My long-time friend Matt Reimer, a second-year student at John Piper's Bethlehem Institute
, invited me to join the group in their rooms for some late night discussion. Bruce Ware
dropped by, but the main discussion time involved Scott Hafemann
of Wheaton explaining his controversial view of justification. As I understood him, he sees justification as eschatological, something that we have been promised--and benefit from--but have not yet fully received. It is "now, but not yet," in that God treats us as justified in Christ based on that which is yet to come. Since I actually enjoyed hearing the various viewpoints on the topic, I guess I qualify as an amateur theologian, with the emphasis on the adjective. The discussion group included Hafemann's Wheaton colleague Sam Storms
, TBI dean Tom Steller, and more than a dozen students. As I recall, we wrapped up around midnight. I fell asleep quickly, knowing I needed rest for another busy day Thursday.
Thursday, November 21, 2002
I learned how different my brother and I are on Thursday morning. He was to shower first, then wake me. However, he saw how soundly I was sleeping and decided to let me get my apparently needed rest. Eventually he opened the blinds. The light cascading into the room brought me to consciousness at 8:27, leaving me three minutes to shower, dress, and get to the first session. I would never see sleep as a priority at any conference, but Rick is more practical, not wanting to see anyone fall ill from exhaustion. Despite the massive misunderstanding, we remained friends as well as brothers. I showered and dressed in record time, raced to the conference room, and found it apparently full, with dozens standing in the back. Desperately, I raced down the aisle to the front until I spotted a seat only seven rows back. I clambered over a few legs, slid into the seat, finished dressing, and sighed with relief as the session began a few minutes late. Rick showed his compassion by wandering down to check on me, leaving contentedly when he spotted me within 10 rows of the front.
The four-session extended panel discussion was called Gender Language and Related Issues in Bible Translation
, dealing specifically with the TNIV
(Today's New International Version). Panelists included Mark Strauss and Doug Moo (favoring the TNIV), and Wayne Grudem and John Piper (opposed), along with Hall Harris, Project Director for the NET Bible
. While both sides made some good points, I felt that Piper and Grudem raised some significant issues. Dr. Piper, my favorite preacher
, emphasized the fact that the TNIV artificially removes ambiguity from some passages by deciding what they mean, diminishing the role of the preacher in expositing the Word. (Read a statement opposed to the TNIV
During the lunch break, I wandered through the book displays, drooling over the new titles. I stopped by the Evangelical Press booth to pass on greetings to Mike Renehan from James White of Alpha & Omega Ministries
. While at the booth, one of the presenters at the conference wandered up and this conversation ensued:
Dr. X: Find anything good?
Me: Well, I bought John Frame's The Doctrine of God here.

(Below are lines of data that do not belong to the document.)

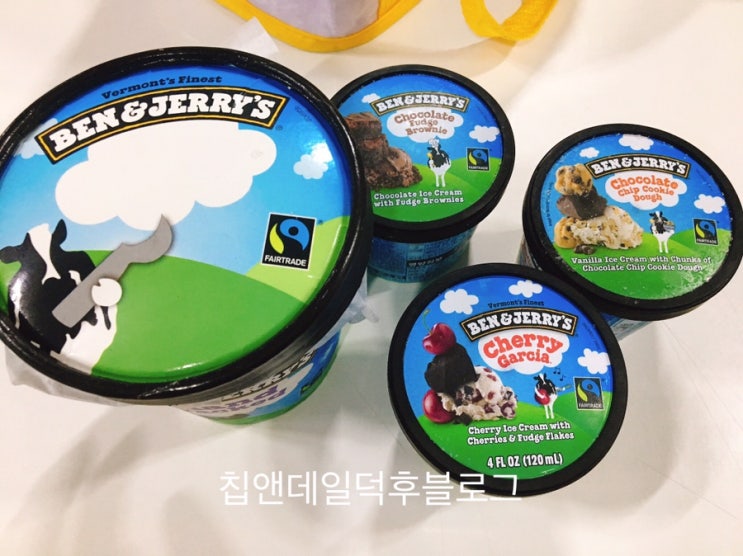  [연남동] BEN&JERRY’S HOUSE(벤앤제리스)팝업스토어 방문기/ 7가지 맛 리뷰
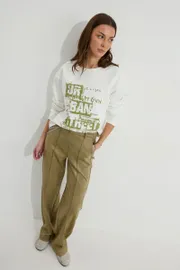 Trousers Lyushe #4314 olivka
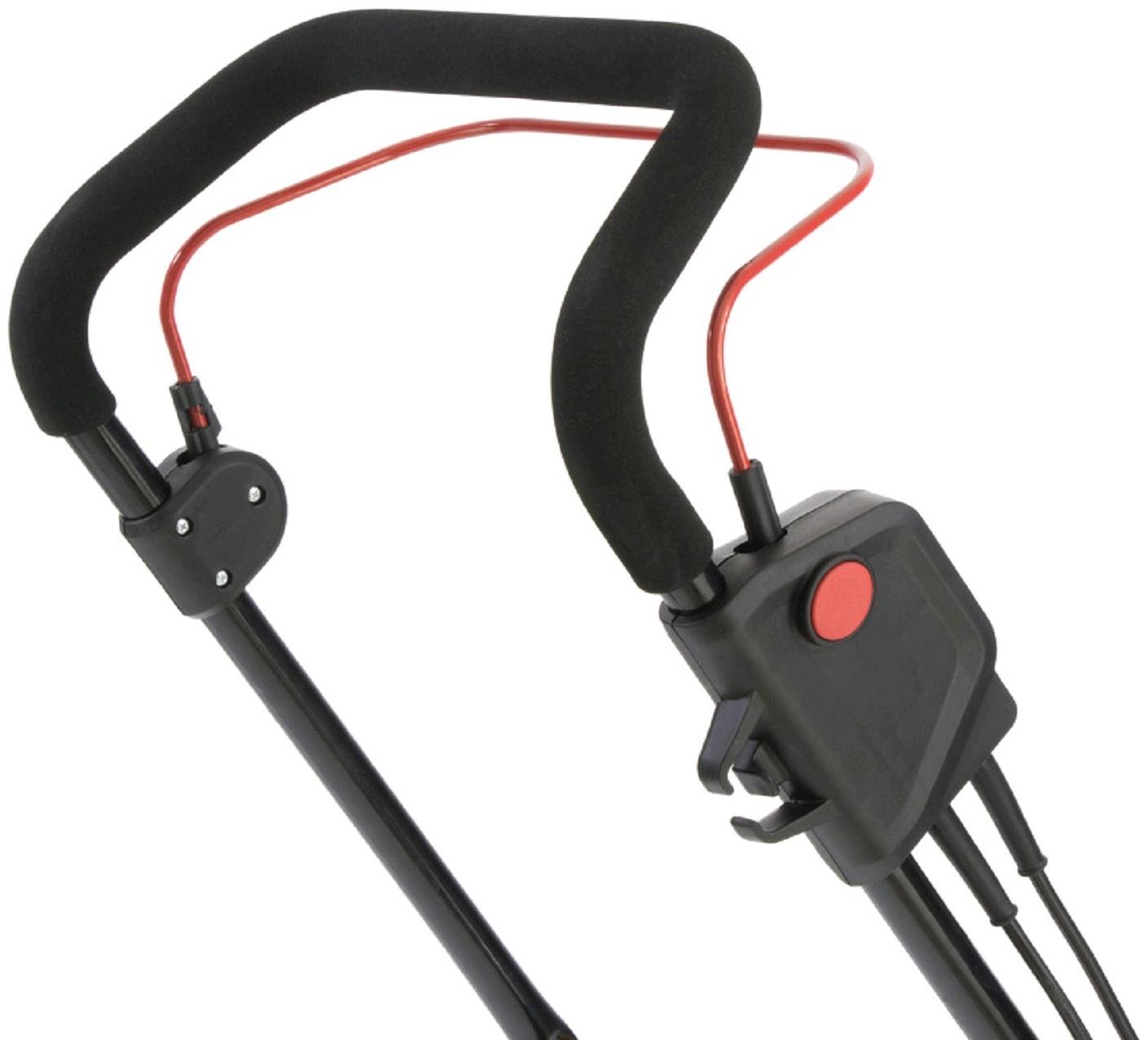 Газонокосилка электрическая DENZEL GM-2000, 2000 Вт, шир./выс. 430/20-70 мм,6 уровней,45 л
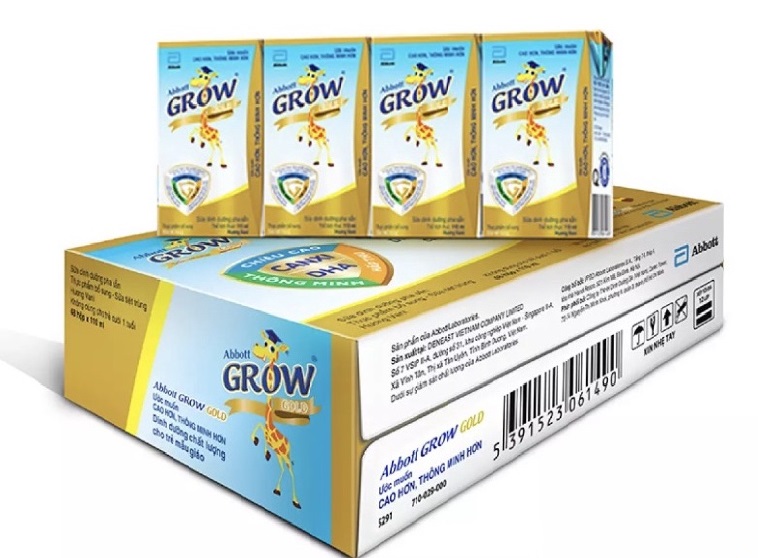 Abbott Grow Gold Vanilla Flavor- 48 boxes x 110ml Exp Date 09 06 2024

Dr. X: Oh, I'm not interested in theology.
Me, thinking to myself: Hmmm, and yet you read a paper at this Evangelical Theological Society meeting? Very strange...
Still somewhat befuddled at the surrealism of it all, I hurried to the main ballroom to secure quality seats for the double plenary session. I found seats in the second row, directly behind the speakers. All of the seats provided a complimentary copy of a Canadian newspaper called Christian Week
. A large color picture of Clark Pinnock graced the cover of the Clark Pinnock Special Edition, offering nearly a dozen pages of praise for the theologian who faced a vote later that day related to possible expulsion from ETS. Coincidence? I think not. The paper did include a brief article opposing Pinnock's views. A review of Pinnock's Flame of Love
was also somewhat critical, calling Pinnock's work "maverick theology," but the rest of the paper seemed to be as much cheerleading as reporting (for a sample article, see A conversation with Clark Pinnock
I set down the Pinnock public relations piece, eager to hear Daniel Block
speak on Biblical Faith and Other Religions in Old Testament Theology
. Dr. Block had been my sister Karen's favorite prof back in the early 80s, and once I heard him speak, I could see why. He was dynamic, convincing, and passionate. He spoke of Israel's syncretistic past and Yahwist parallels to pagan ideas, stressing that "the Old Testament knows nothing of faith in the abstract."
A second plenary session followed immediately. Greg Beale
of Wheaton spoke on Biblical Faith and Other Religions in New Testament Theology
and did a fine job as well, focusing on Paul's address to the Council of the Areopagus in Acts 17.
, formerly of Bethel College, was my choice from the 19 available sessions after the plenaries. I had missed seeing him last year, so he was a priority this time. The famed openness proponent seemed quite cheerful, perhaps still chuckling over his 'I didn't pay my dues so you can't kick me out' tactic. A personable speaker, Boyd is easily the most dangerous open theist because his combination of intelligence
, charisma and good looks renders him appealing outside the halls of academia. The man could succeed in politics, especially considering that his home state of Minnesota has proven a willingness to elect a professional wrestler as governor; it's easy to see why he was a popular professor.
Boyd's paper, Does God Learn? An Analysis of Possibility and Actuality in the Experience of God
reiterated the usual openness arguments that their version of God is dynamic, personable, interactive and ever-learning, unlike the supposedly cold, impassible God of classical theism. I disagreed with most of what he said, but found him engaging nonetheless.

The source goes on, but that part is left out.